§ Task item
The pictures in the listing below are to be skipped, while the lines between the line holding "Sega mega drive 2" and the line holding "Big bigCover of The Neanderthal's Necklace", inclusive, are to be output exactly.

══════

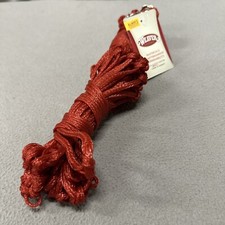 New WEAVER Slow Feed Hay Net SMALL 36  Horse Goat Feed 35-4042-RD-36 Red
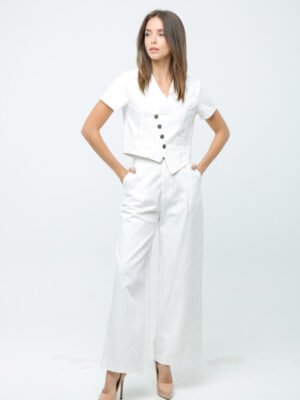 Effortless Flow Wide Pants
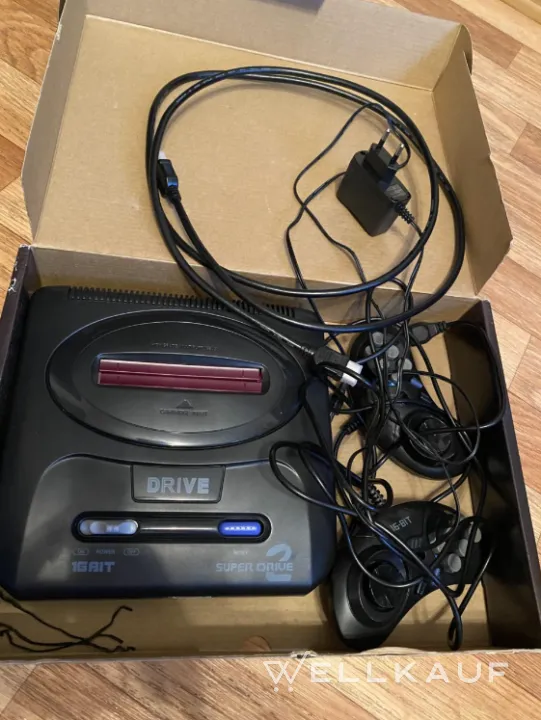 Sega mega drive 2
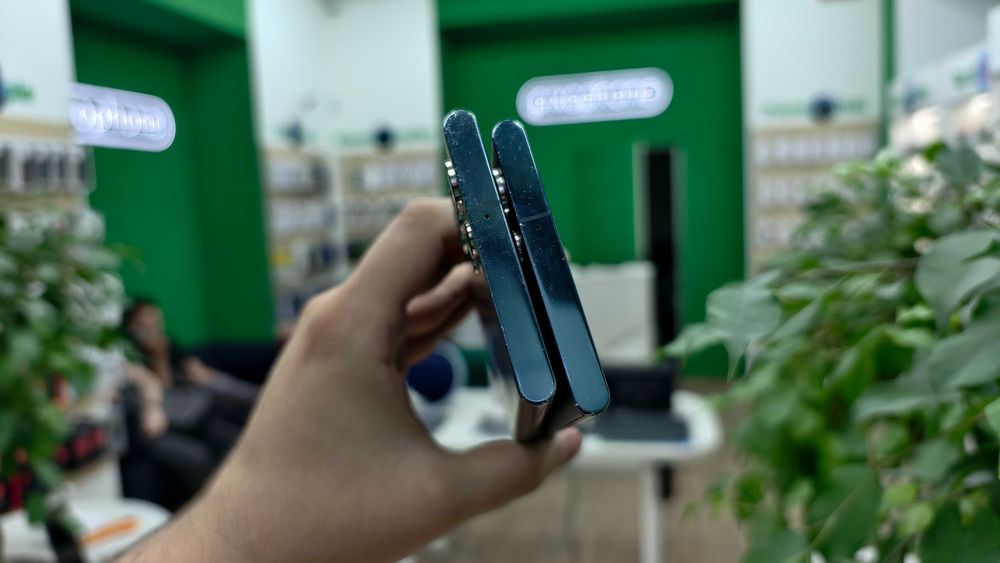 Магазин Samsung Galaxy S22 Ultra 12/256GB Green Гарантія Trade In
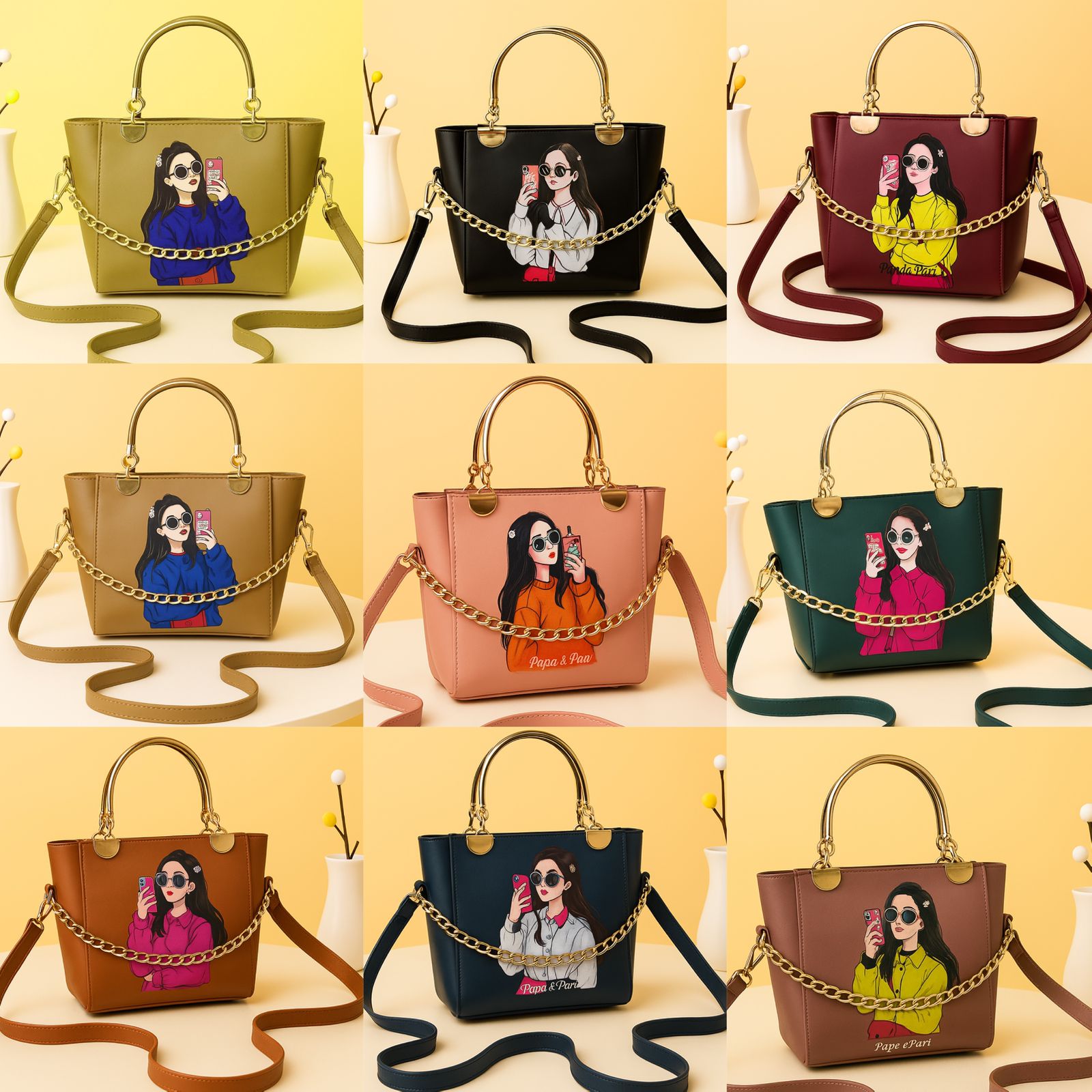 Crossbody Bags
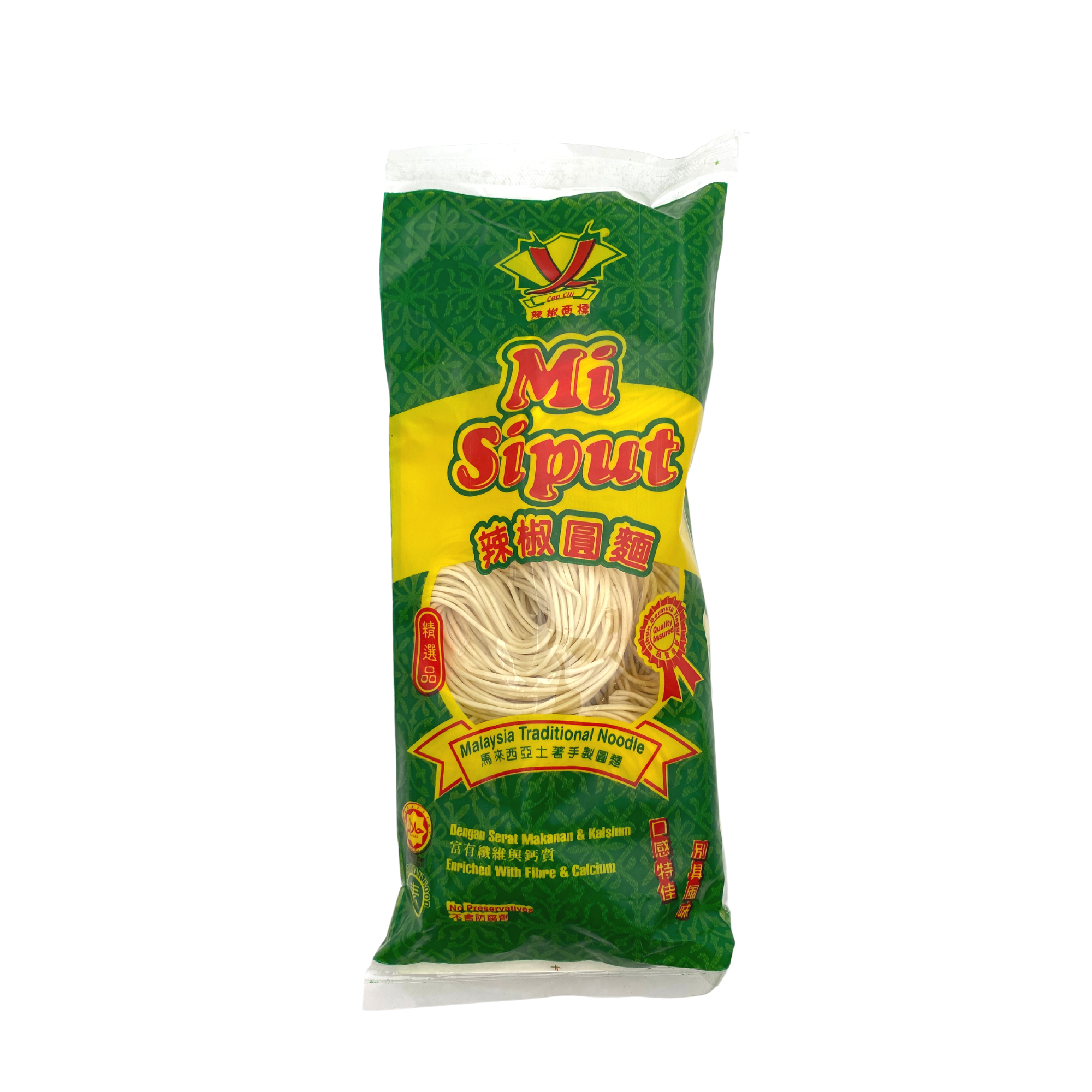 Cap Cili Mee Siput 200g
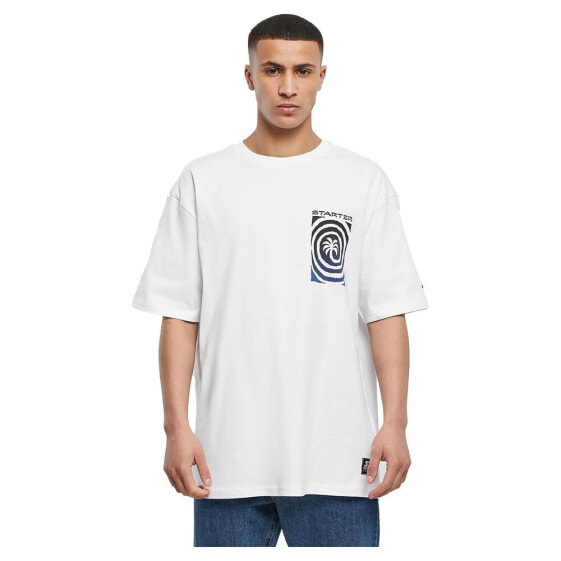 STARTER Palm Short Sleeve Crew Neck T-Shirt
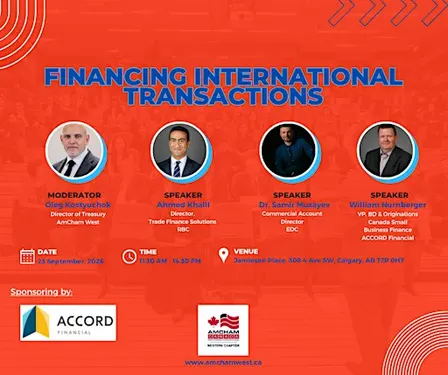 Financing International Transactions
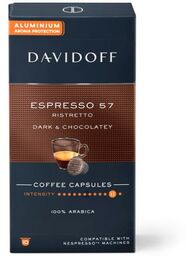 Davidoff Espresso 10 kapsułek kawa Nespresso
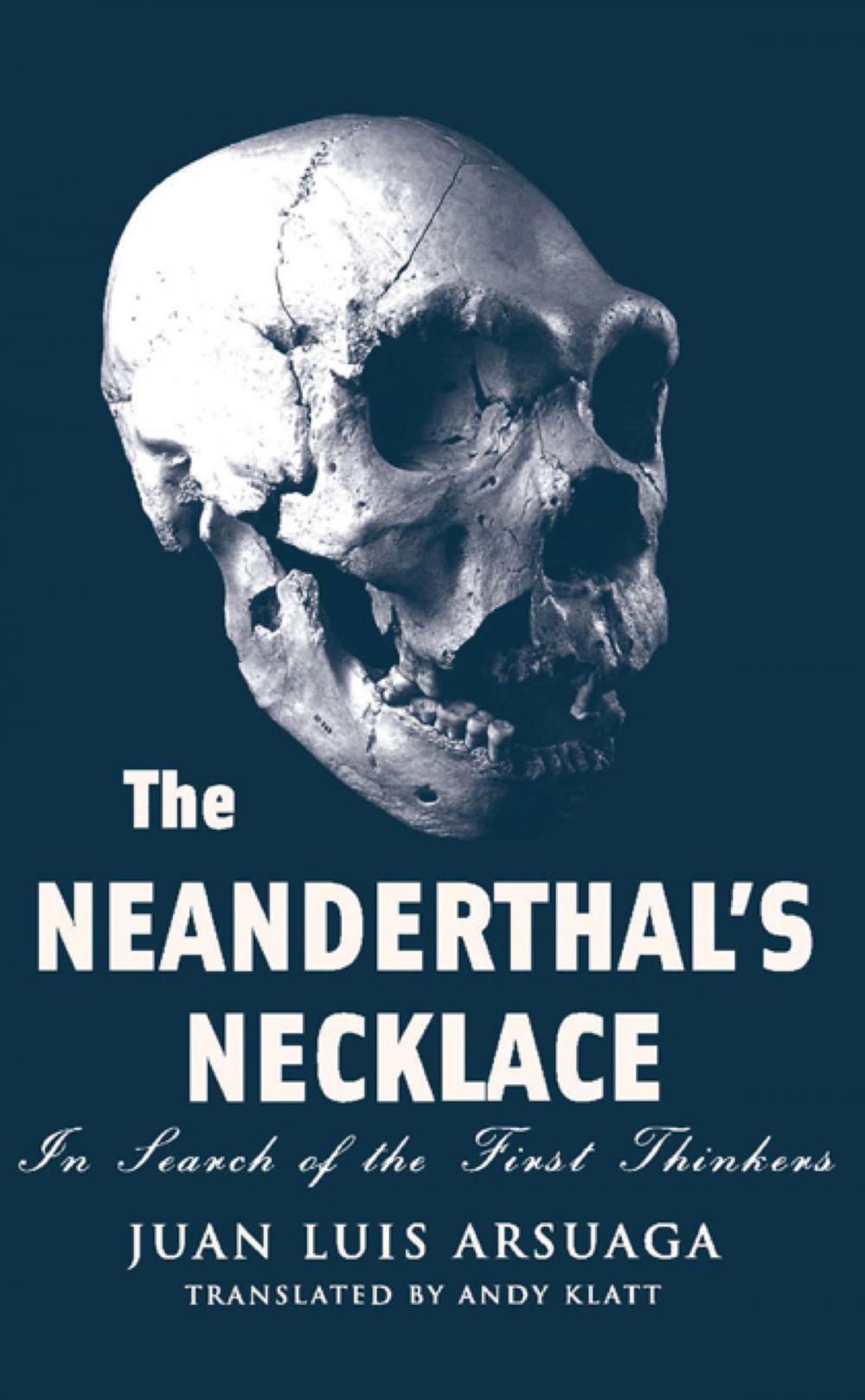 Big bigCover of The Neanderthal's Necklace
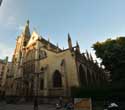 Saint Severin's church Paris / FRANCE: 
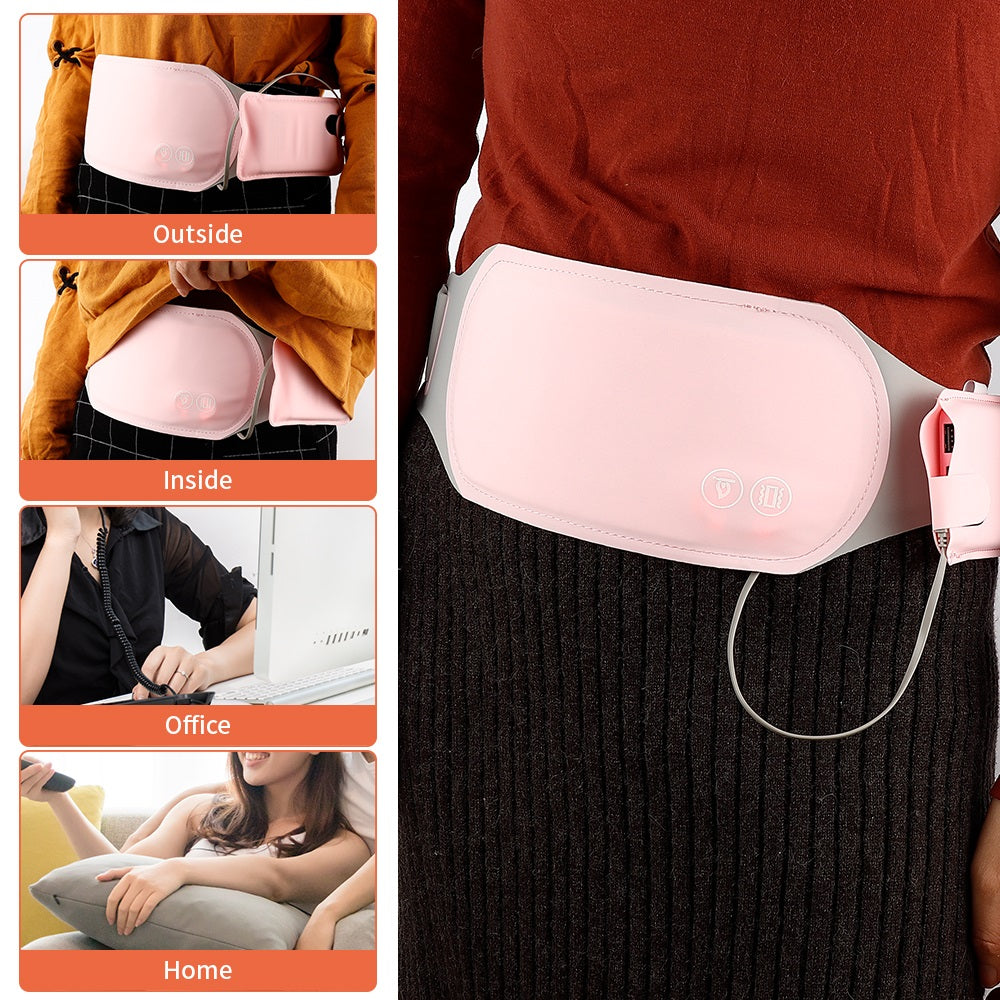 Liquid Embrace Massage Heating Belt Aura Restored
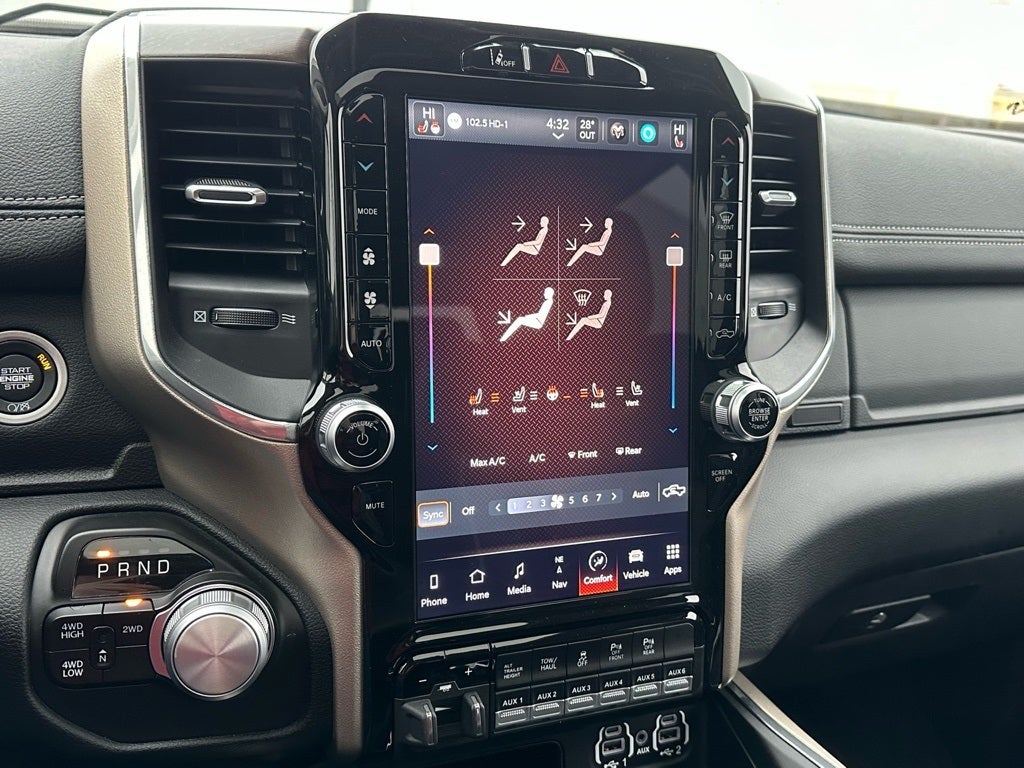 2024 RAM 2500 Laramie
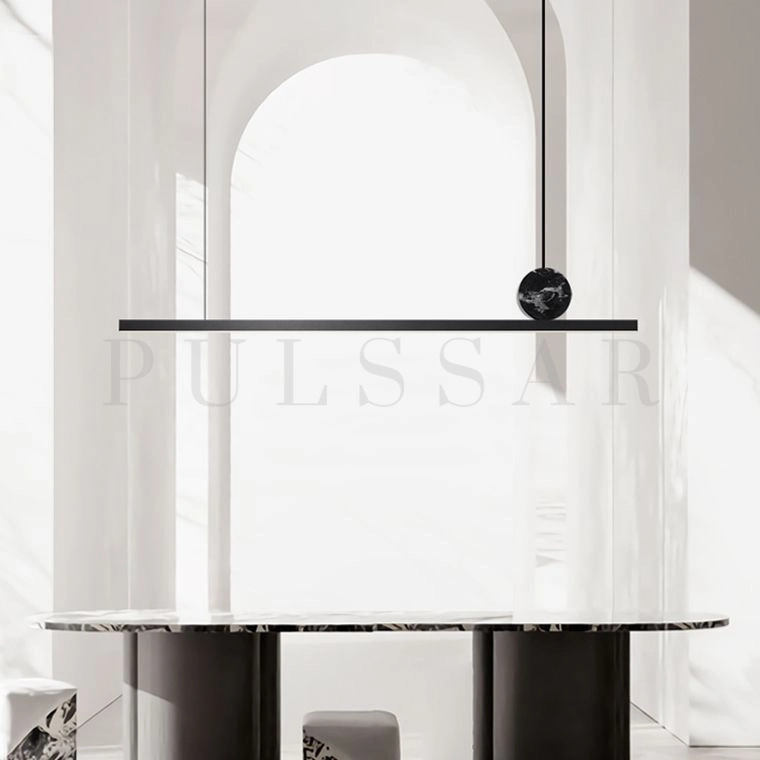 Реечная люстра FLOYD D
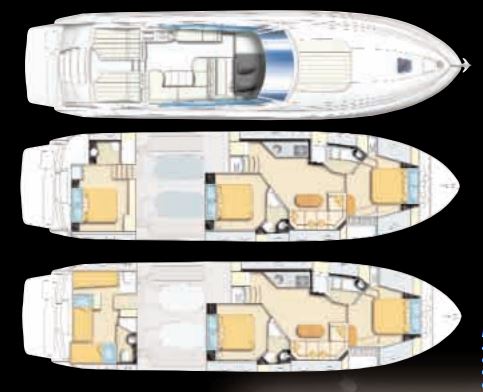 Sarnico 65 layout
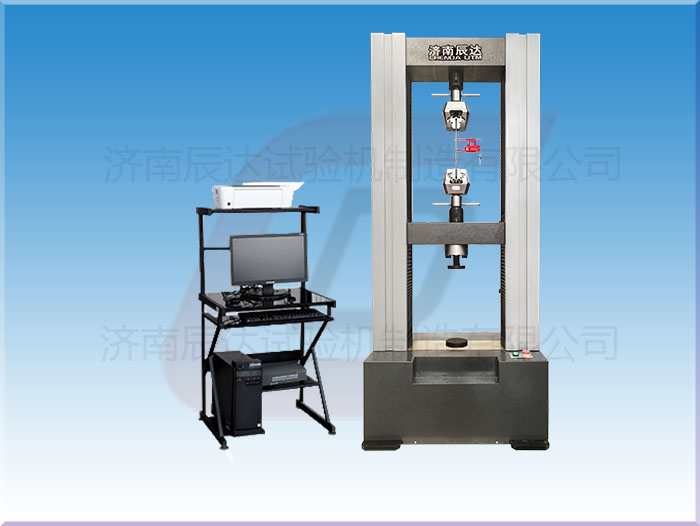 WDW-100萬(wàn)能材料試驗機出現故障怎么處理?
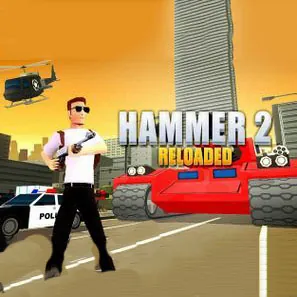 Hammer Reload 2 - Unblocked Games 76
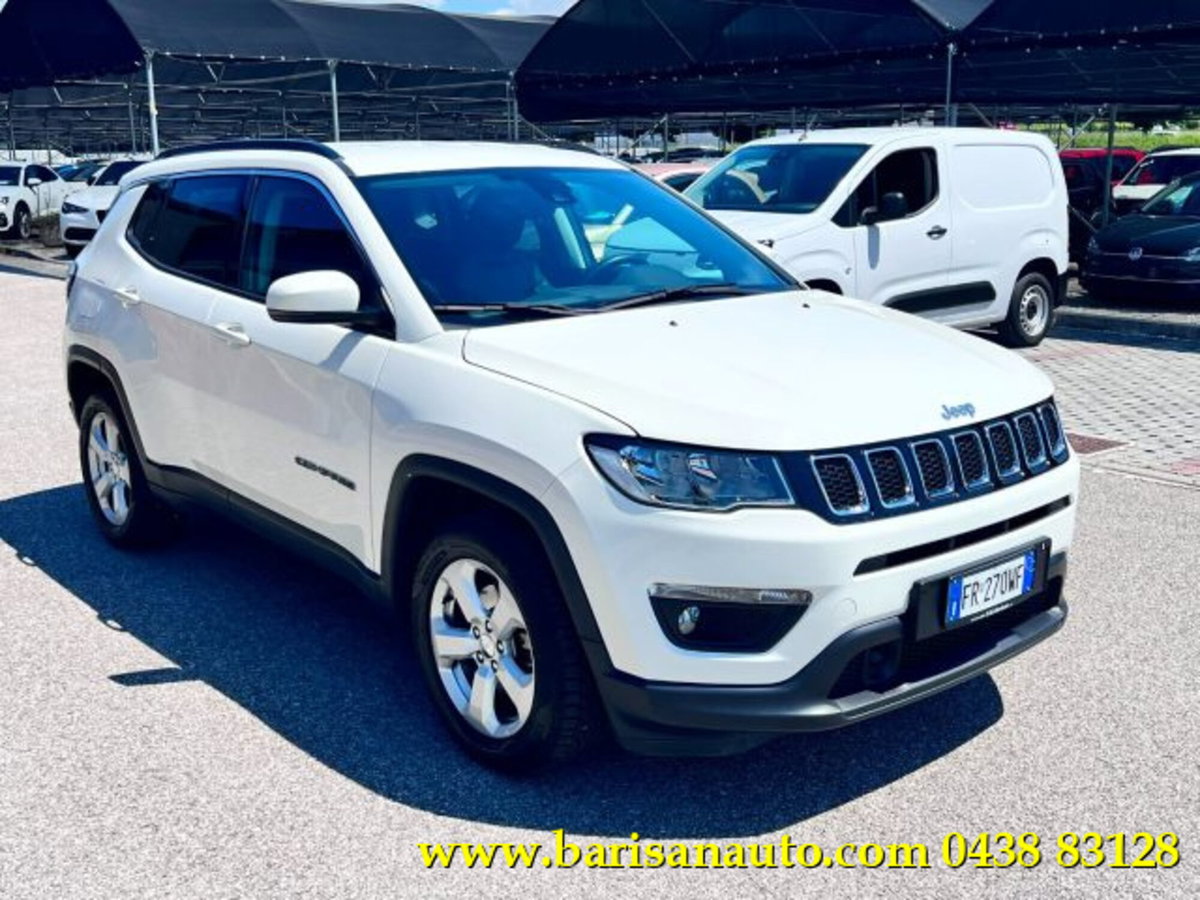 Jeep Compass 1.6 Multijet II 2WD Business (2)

══════

§ Task answer
 Sega mega drive 2
 Магазин Samsung Galaxy S22 Ultra 12/256GB Green Гарантія Trade In
 Crossbody Bags
 Cap Cili Mee Siput 200g
 STARTER Palm Short Sleeve Crew Neck T-Shirt
 Financing International Transactions
 Davidoff Espresso 10 kapsułek kawa Nespresso
 Big bigCover of The Neanderthal's Necklace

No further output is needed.